# What needs to be done
From the first line to the last, set down the material exactly and drop every picture.

# Source material
───

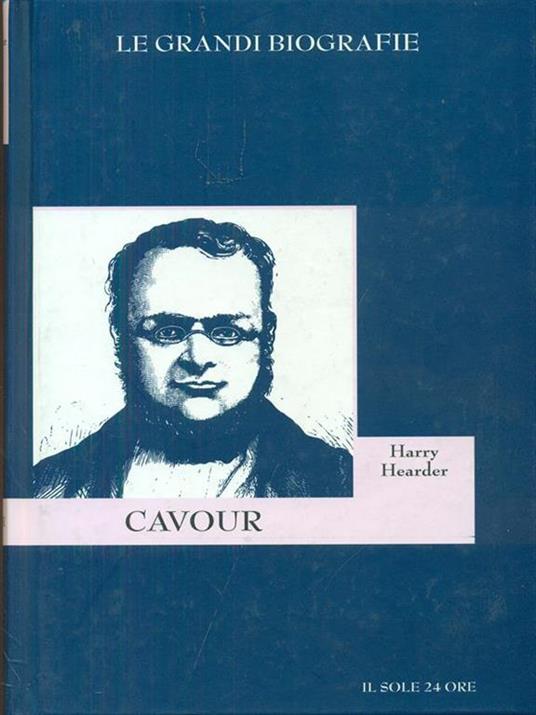 Cavour - Harry Hearder - copertina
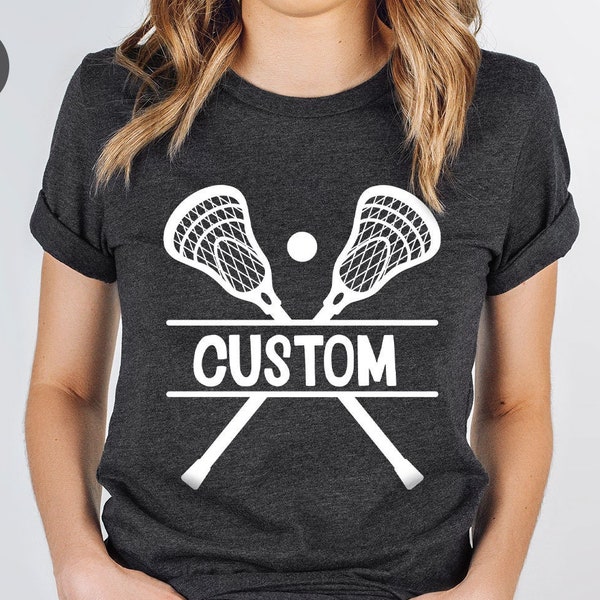 Lacrosse T Shirt Etsy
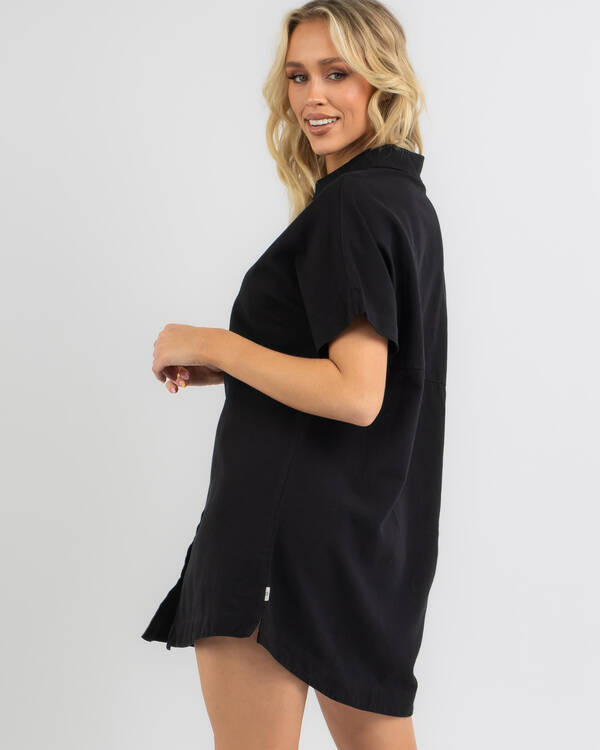 Rhythm Classic Shirt Dress for Womens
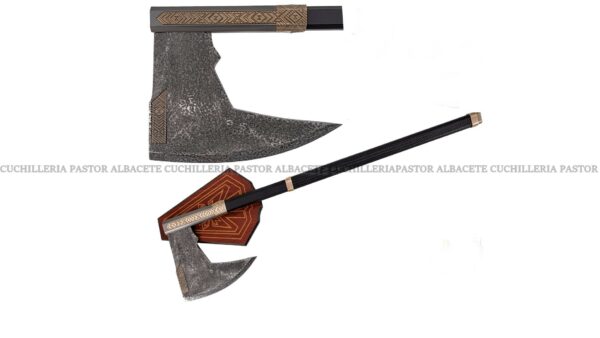 Hacha de Gimli «barbuda» – El Señor de los Anillos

───

# Reply
 Cavour - Harry Hearder - copertina
 Lacrosse T Shirt Etsy
 Rhythm Classic Shirt Dress for Womens
 Hacha de Gimli «barbuda» – El Señor de los Anillos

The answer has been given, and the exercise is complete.